Per fortuna però ci ha pensato Bloomberg qualche giorno fa con questo articolo che senza mezzi termini riporta chiaramente una visione più realistica con esempi a supporto di quello che a mio parere è davvero un grave problema che penalizza, forse ancor più dell’incompetenza diffusa, tutta la categoria di chi si occupa di comunicazione digital con perdite di credibilità e uso discutibile di soldi delle Aziende (e quindi dei Consumatori).

A study done last year in conjunction with the Association of National Advertisers embedded billions of digital ads with code designed to determine who or what was seeing them. Eleven percent of display ads and almost a quarter of video ads were “viewed” by software, not people.

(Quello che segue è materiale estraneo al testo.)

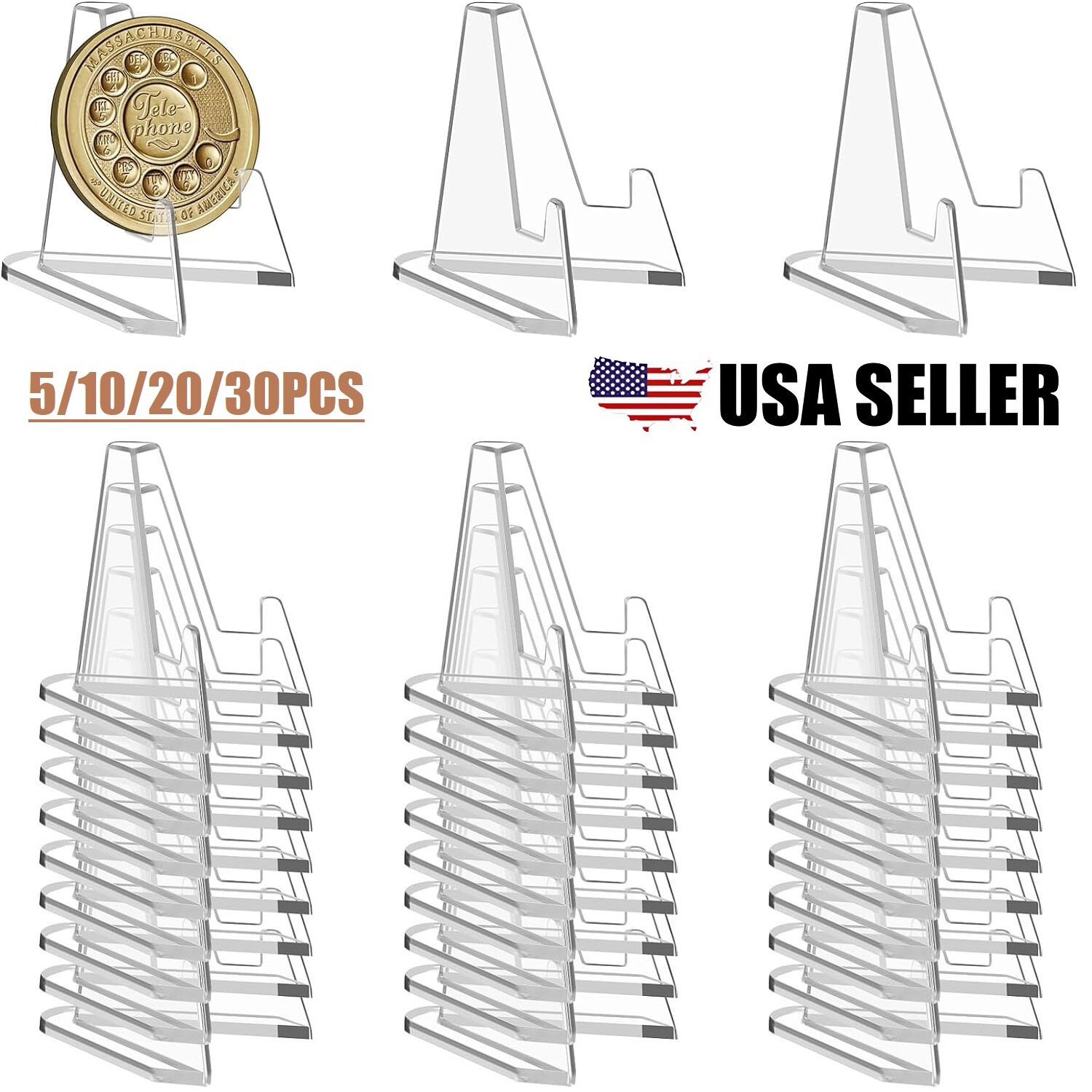30Pcs Large Size Trading Card Stands Most Durable Display Coins Cards Holder USA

Payperclick, payperview, generazione lead, conversioni e partecipazioni attive: quale che sia l’obbiettivo delle campagne la sensazione che vi sia la diffusa abitudine a “far tornare i conti”.
Ancor più prezioso lo studio di fine 2014, redatto in maniera meticolosa dalla americana ANA – Association of National Advertiser – che ho scoperto proprio grazie all’articolo su Bloomberg e ho iniziato ad approfondire ma che, per la completezza e profondità, mi richiederà un po’ di tempo per essere analizzato in dettaglio. Lo condivido subito perché anche altri interessati al tema, ammesso che ve ne siano visto l’apparente disinteresse diffuso, possano trarre le loro conclusioni: ANA-White Ops – The Bot Baseline – Fraud in Digital Advertising

La completezza dello studio dà sicuramente più garanzie sui dati di quanto non possa averne rilevati io monitorando un numero comunque contenuto di campagne (anche se relative ad importanti aziende e multinazionali e con piani mediamente intorno ai 100mila euro o più). Lo studio parla di 36 aziende coinvolte, 181 campagne monitorate e 5 miliardi e mezzo di impression tracciate in 60 giorni e l’esito è altrettanto impressionante:

11% di bot rilevati su Display ads e 23% su Video ads.

C’è da impallidire, soprattutto considerando che si tratta di medie e che stiamo parlando di campagne su cui girano davvero tanti tanti soldi con acquirenti attenti a ciò che comprano.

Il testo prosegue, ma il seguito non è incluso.